The lush tropical rainforest of Mulu National Park, Sarawak.

4. It’s home to the smallest elephant on the planet

The Borneo pygmy elephant (Elephas maximus borneensis) is the world’s smallest subspecies of elephant. They are less than 2.6 metres tall with huge ears, round tummies, and long tails that may brush against the ground as they walk. Borneo elephants are a gentler variety than Asian and African elephants, and their calm demeanour has led some scientists to believe they are descended from a domestic herd. Pygmy elephants are an endangered species, with an estimated 1,500 remaining in the wild, principally in Sabah, Malaysian Borneo.

A herd of Borneo Pygmy Elephants walking along a river in Danum Valley, Sabah.

5. The largest flower on Earth is here too! Pssttt… It’s also the stinkiest!

The Rafflesia arnoldii specifically has the largest bloom on Earth. Generally, Rafflesia is rare and fairly hard to locate. It is especially difficult to see in bloom (the flower takes about five years to bloom but only lasts five to seven days after it does). There is no exact blooming season of Rafflesia, but it is believed that the rainy season is more favourable. Thus, if you were planning to visit Sabah, where there is the highest concentration of these plants, the monsoon period in April to May or September to October would be perfect.

Rafflesia arnoldii in full bloom in Borneo.

It smells like rotting meat yet people flock to look at it. Which is understandable since it is the largest flower in the world! But do take note that the Rafflesia flower petals are highly sensitive to human touch and turn black and die within hours of being touched. So if you were to ever be lucky enough to see one, remember to not touch the petals!

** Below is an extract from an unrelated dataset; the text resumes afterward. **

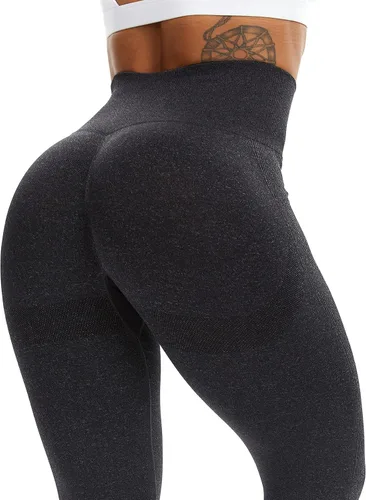 Vista 6 de SEASUM, Leggings de cintura alta con contorno de sonrisa, sin costuras, para entrenamiento, gimnasio, Yoga. Pantalones deportivos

6. Which monkey has the biggest nose?

The Proboscis monkey of course! Bayau as the Sabahan locals would call it, or bekantan in Indonesia. The proboscis monkeys (Nasalis larvatus) are endemic to the island of Borneo, which means that you can only find them there. The huge pendulous nose is only found in males which assist them in producing loud booming sounds that serve as alarm messages as well as enticing females. Larger noses typically means that the males are more dominant, which makes them more attractive to the females. They live in organised harem groups consisting of a dominant male and two to seven females and their offspring.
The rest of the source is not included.